Print the line containing "Schick Hydro 3 Cartridges 4 ea (Pack of 2)" and all lines after it, unchanged, through the end of the data. Leave the pictures out.

- **DATASET CONTENT**:
• • •

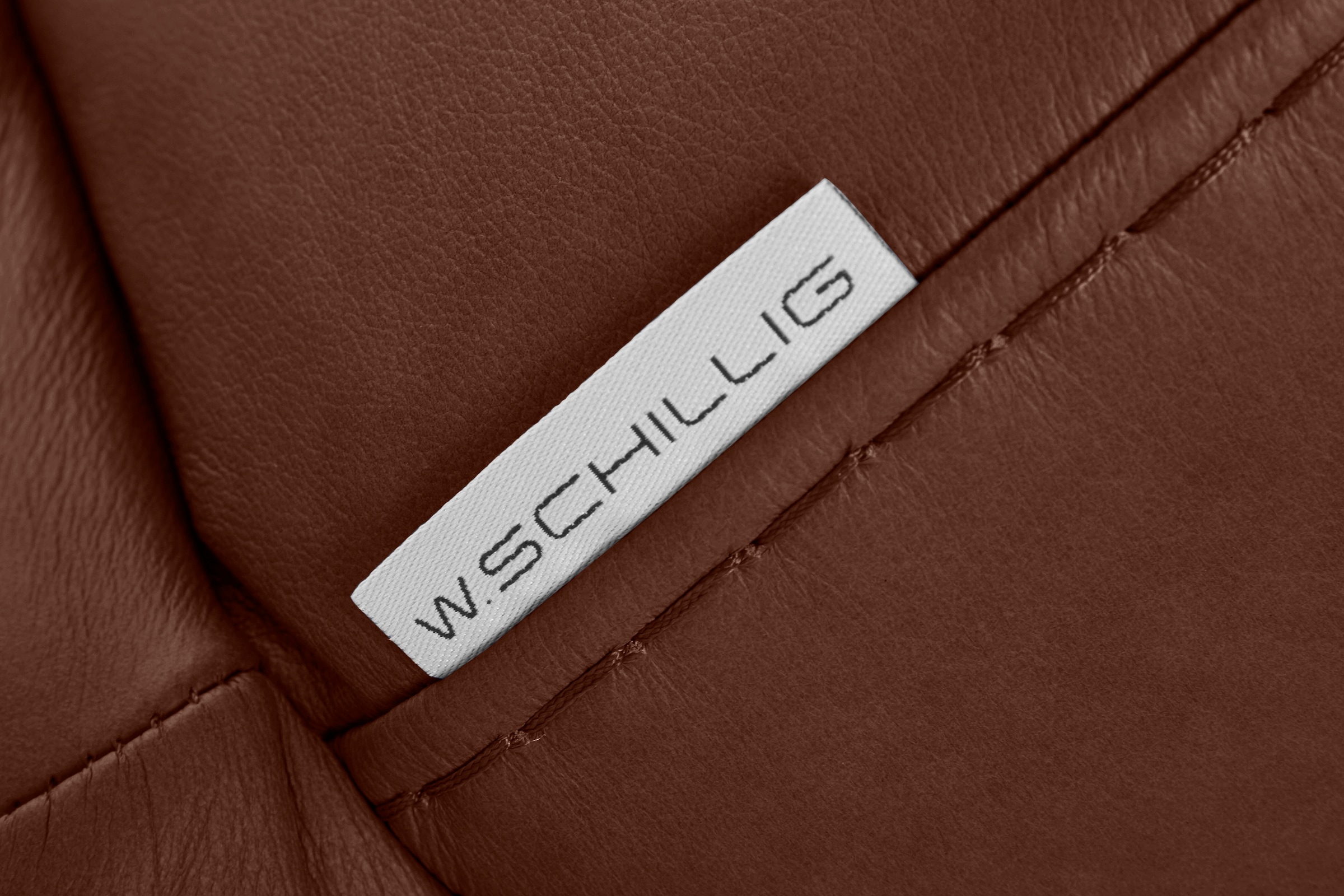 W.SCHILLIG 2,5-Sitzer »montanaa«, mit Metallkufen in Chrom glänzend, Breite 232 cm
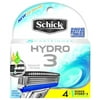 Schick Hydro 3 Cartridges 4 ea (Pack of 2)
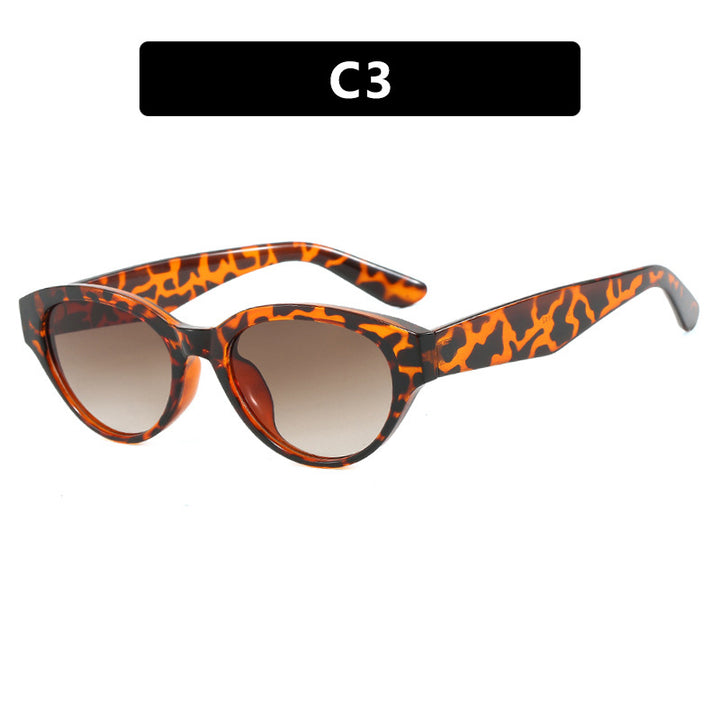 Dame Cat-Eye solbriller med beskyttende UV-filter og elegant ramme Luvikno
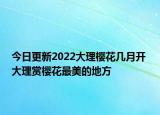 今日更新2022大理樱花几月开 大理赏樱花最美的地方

• • •

- **EXERCISE RESULT**:
 Schick Hydro 3 Cartridges 4 ea (Pack of 2)
 Dame Cat-Eye solbriller med beskyttende UV-filter og elegant ramme Luvikno
 今日更新2022大理樱花几月开 大理赏樱花最美的地方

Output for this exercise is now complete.